[Collection entries]
----------

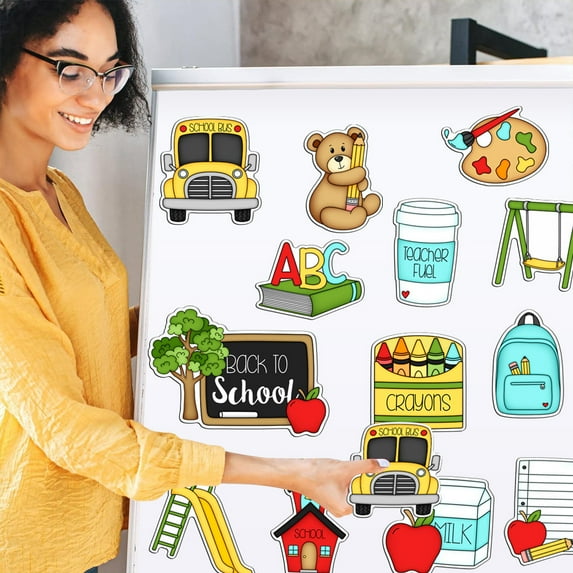 Decorative Magnetic Stickers, Cute Locker Magnets for Season Decor, Reusable Magnetic Decor for Metal Surfaces, Fun Supplies for Youngster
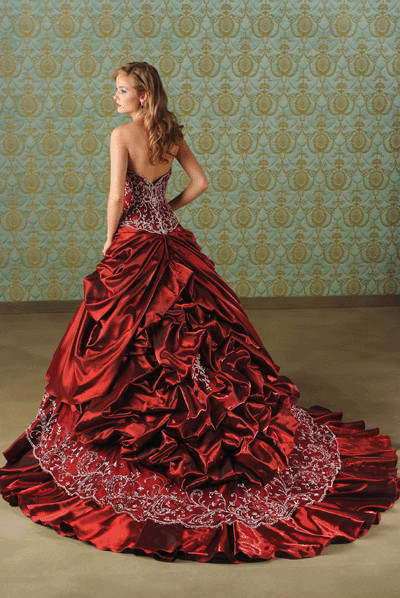 Red Wedding Gown
 bridal style and wedding ideas Red Wedding Dresses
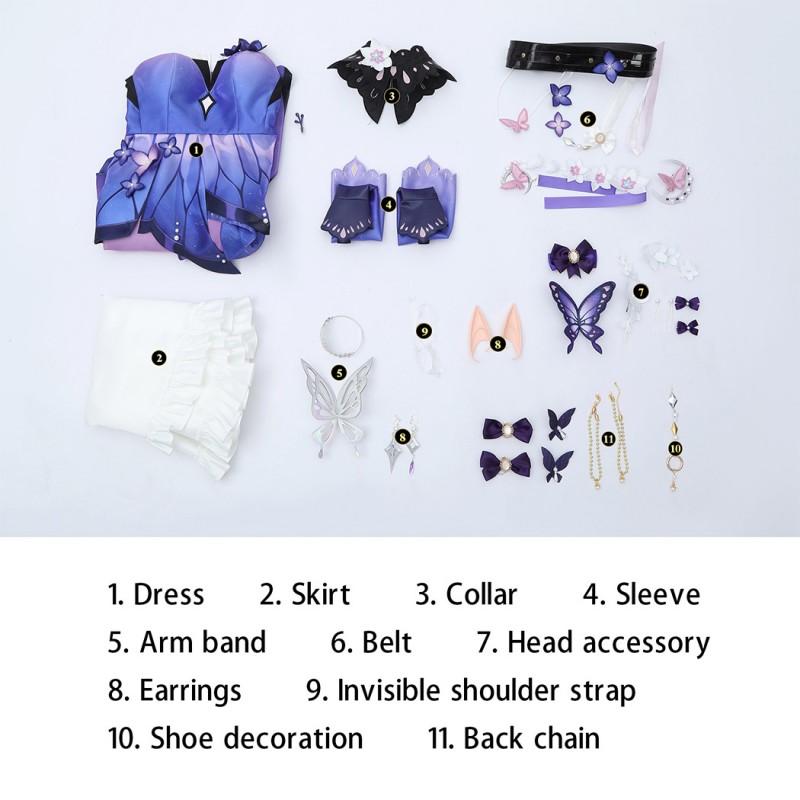 Honkai Star Rail Castorice Cosplay Costume Women Dress Suit Full Set
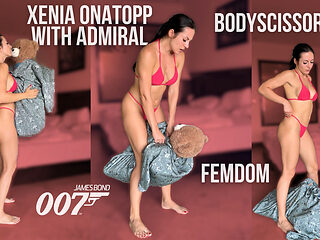 Sadistic Xenia Onatopp with Admiral Scene Standing Bodyscissors (james Bond 007)
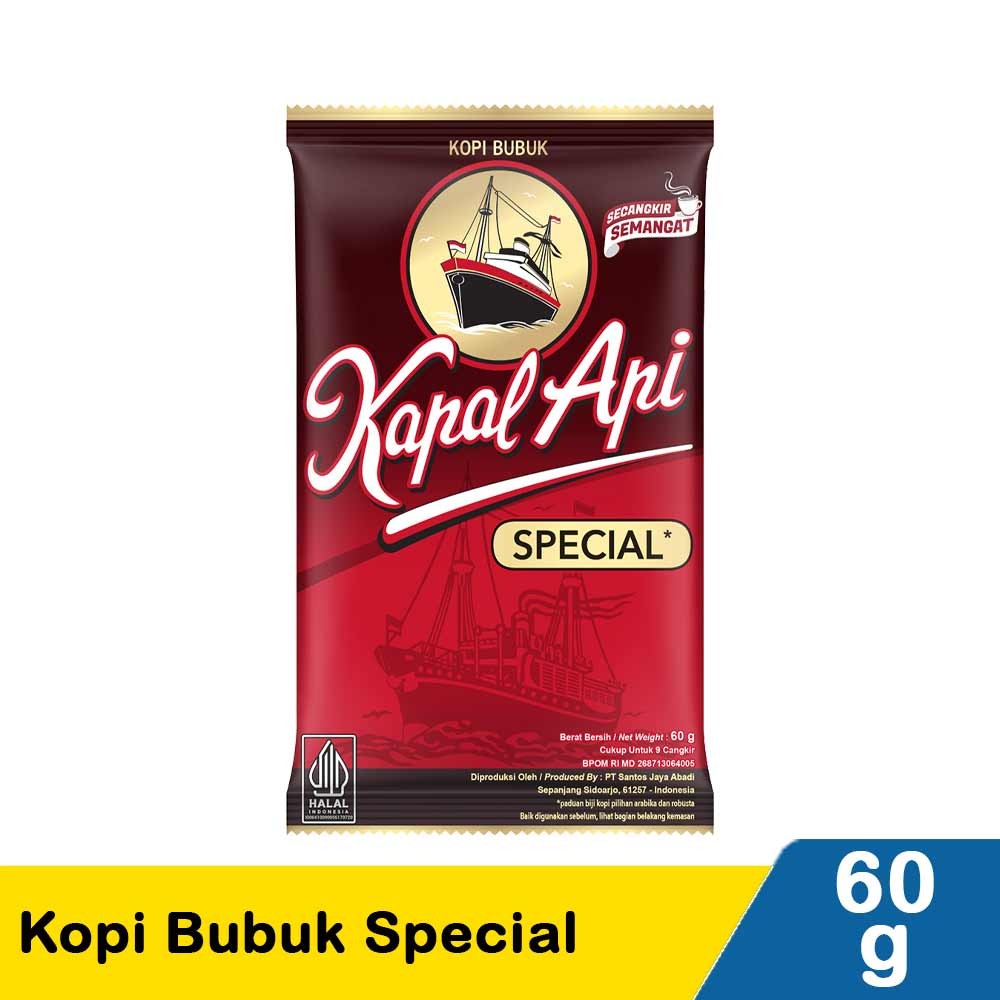 KAPAL API KOPI BUBUK SPECIAL 60g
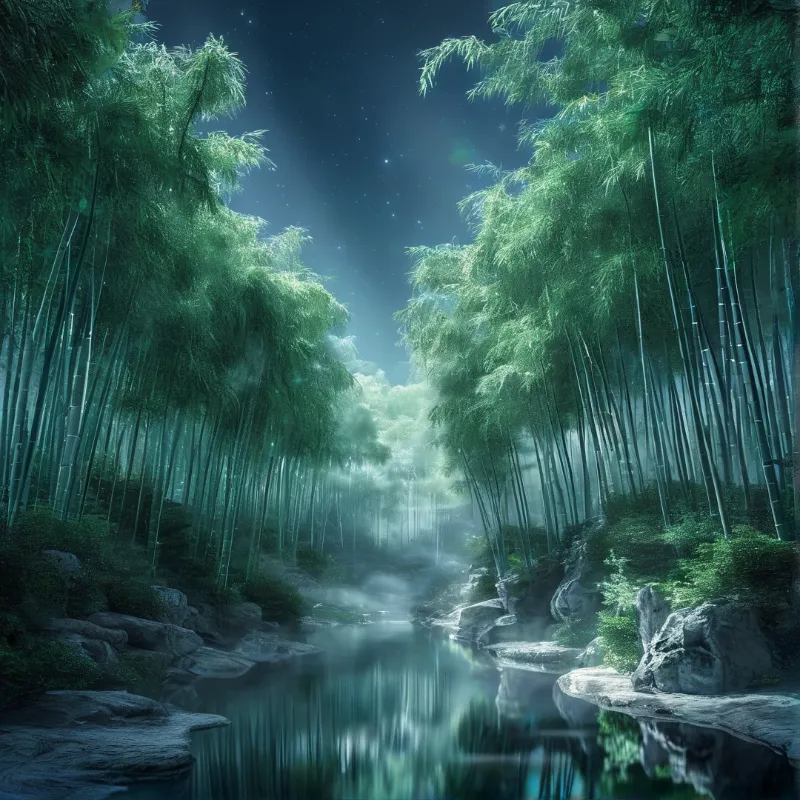 Mystic Bamboo Forest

----------

• WHAT NEEDS TO BE DONE: Set down, word for word, the line that holds "KAPAL API KOPI BUBUK SPECIAL 60g" and all lines after it to the end of the entries above, but not the pictures.

• WRITTEN SOLUTION:
 KAPAL API KOPI BUBUK SPECIAL 60g
 Mystic Bamboo Forest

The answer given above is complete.